Игра без правил - Василий Веденеев
Шрифт:
Интервал:
Закладка:
Тот нашелся около буфета. Поздоровались. Мясо не выразил ни радости, ни удивления при виде Вороны — его выцветшие голубые глазки только оценивающе скользнули по лицу Гришки, и тут же последовала просьба:
— Пузырь возьмешь?
— Об чем звук, — дружески похлопал его по плечу Анашкин, еще не потерявший надежды на удачу. Мясо тут всех знает, и все знают его, конюшни ему открыты, наездники доверяют, букмекеры частенько просят об услугах: неужели он не сможет помочь приятелю пристроиться при хлебном деле?
Сначала хотели отметить встречу в баре, но там набилось полно народу.
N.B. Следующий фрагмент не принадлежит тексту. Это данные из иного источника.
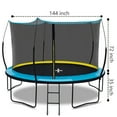 thumbnail image 3 of 12FT Trampoline with Safety Enclosure for Kids Adults, Outdoor Round Recreational Trampoline with Patented Fiberglass Curved Poles Pumpkin, Blue, 3 of 7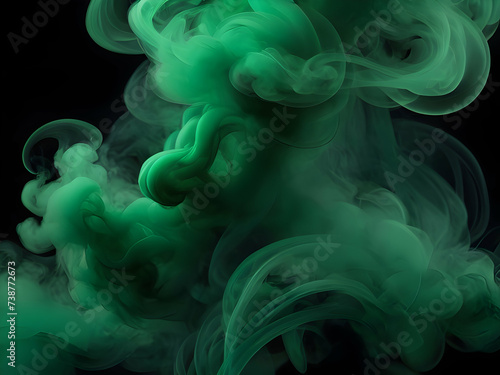 abstract green smoke with dark shades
— Пошли на трибуны, — предложил Мясо.
Забрались на самый верхний ярус, подальше от патрульных милиционеров. Мясо протер граненый стакан несвежим носовым платком, бормоча себе под нос, что стакан позаимствован в автомате с газированной водой, а теперь гуляет по стране СПИД и неизвестно, кто к этому стаканчику прикладывался, облизывая его губами. Слегка сполоснув стакан водкой, он разлил, щедро предоставив Вороне право выпить первым.
— Знаешь три постулата? — дождавшись своей очереди и влив в себя дозу спиртного, спросил Мясо. — Не бывает много водки, бывает мало закуски. Это первый. Не бывает плохой водки! — Он многозначительно поднял грязный палец. — Водка бывает только хорошая и очень хорошая. Это второй. А еще говорят, что нет некрасивых женщин, бывает лишь мало выпито.
Ворона вяло кивал, слушая, как Мясо зашелся визгловатым смешком. Эти шуточки он от него слышал еще до осуждения, но не перебивать же нужного человека, выказывая неуважение, чего Мясо не любит. Раз пришел к нему просителем по своему делу — терпи так называемый юмор.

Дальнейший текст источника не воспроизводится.